The challenge he faces is significant: Republicans control the chamber by a narrow margin, and President Trump spent much of 2025 pushing red-state legislatures to redraw congressional maps in ways that lock in GOP advantages for years to come.
Texas was the opening move, with the White House directing the state to eliminate Democratic seats in what Jeffries publicly described as a scheme to rig the midterm elections.
Democrats responded by exploring their own redistricting opportunities in California, New York, New Jersey, Minnesota and Washington state, where blue-controlled legislatures could theoretically redraw maps to eliminate or endanger Republican seats.
Jeffries has been direct about the calculation: if Republicans are going to abandon the norms around mid-decade redistricting, Democrats in blue states need to do the same or risk being outgunned before a single vote is cast.
New York has become one of the most contested battlegrounds in that effort, with Jeffries tapping former state assembly majority leader Joe Morelle to meet with Albany officials and redraw congressional boundaries for the balance of the decade.
The state currently sends 19 Democrats and seven Republicans to Congress, but Jeffries has suggested those maps are not as fair as they could be and has had discussions with Governor Kathy Hochul about how aggressively to push for change.
Florida has already moved in the opposite direction, with Governor Ron DeSantis signing a new map specifically designed to capture four additional Republican seats, while Tennessee last week enacted legislation targeting the final Democratic-held district in the state.
The Supreme Court dealt a serious blow to Democratic redistricting hopes in late April, ruling 6-3 in Louisiana v.
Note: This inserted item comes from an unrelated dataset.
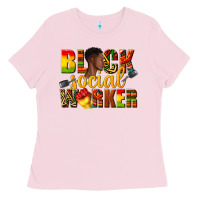 Bubblegum Pink black social worker Ladies Tee - texasbilliewilder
Callais to effectively weaken Section 2 of the Voting Rights Act and making it significantly harder to challenge racially gerrymandered maps.
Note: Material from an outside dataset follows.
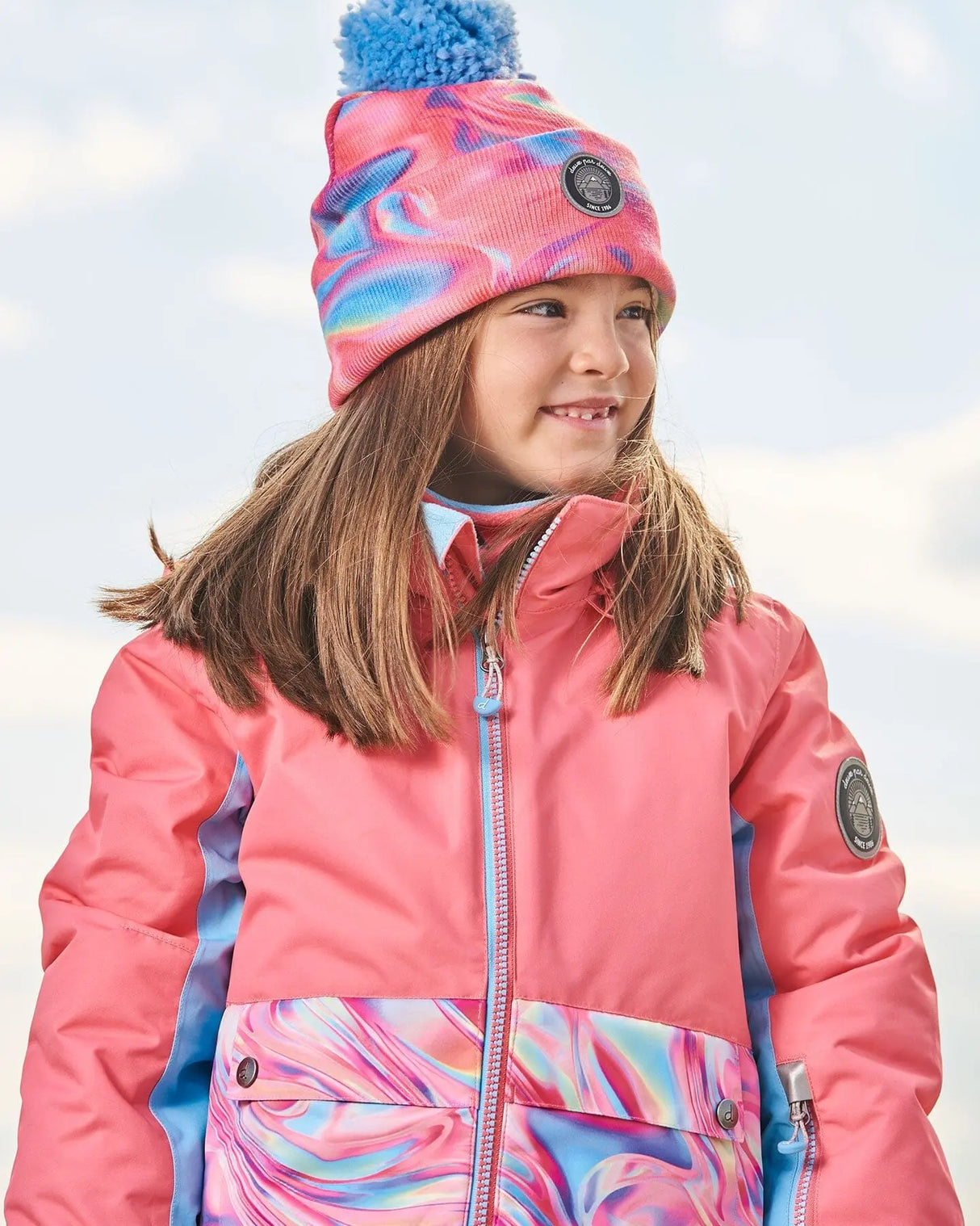 Knit Hat Pink And Air Blue Marble | Deux par Deux | Jenni Kidz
A Virginia Supreme Court ruling compounded the damage, striking down a Democratic-backed constitutional amendment that would have allowed voters to approve new maps, a decision that Democrats are now appealing to the US Supreme Court.
Jeffries responded by pledging a massive Democratic redistricting counteroffensive and calling a caucus-wide meeting to coordinate the party’s next steps across every relevant state.
Colorado has become another front in the battle, with a Jeffries-aligned political group committing $150,000 this month to support a redistricting ballot initiative that could put four currently Republican-held seats in play.
New Jersey’s newly elected Governor Mikie Sherrill has also publicly signalled support for a redistricting push, and Democratic operatives are closely watching whether the state’s congressional map can be redrawn before the November deadline.
The legal risks are substantial, with more than a dozen Democratic lawmakers and campaign operatives privately acknowledging that court challenges could render much of the effort moot before any new districts ever take effect.
The fundamental tension at the heart of the Jeffries strategy is that the party spent decades advocating for independent redistricting commissions and fair voting rights reforms, and is now effectively considering doing precisely what it accused Republicans of doing.
Whether that trade-off delivers a House majority or simply escalates the redistricting wars into a more permanent and legally chaotic feature of American politics will define how the 2026 midterms are judged for years to come.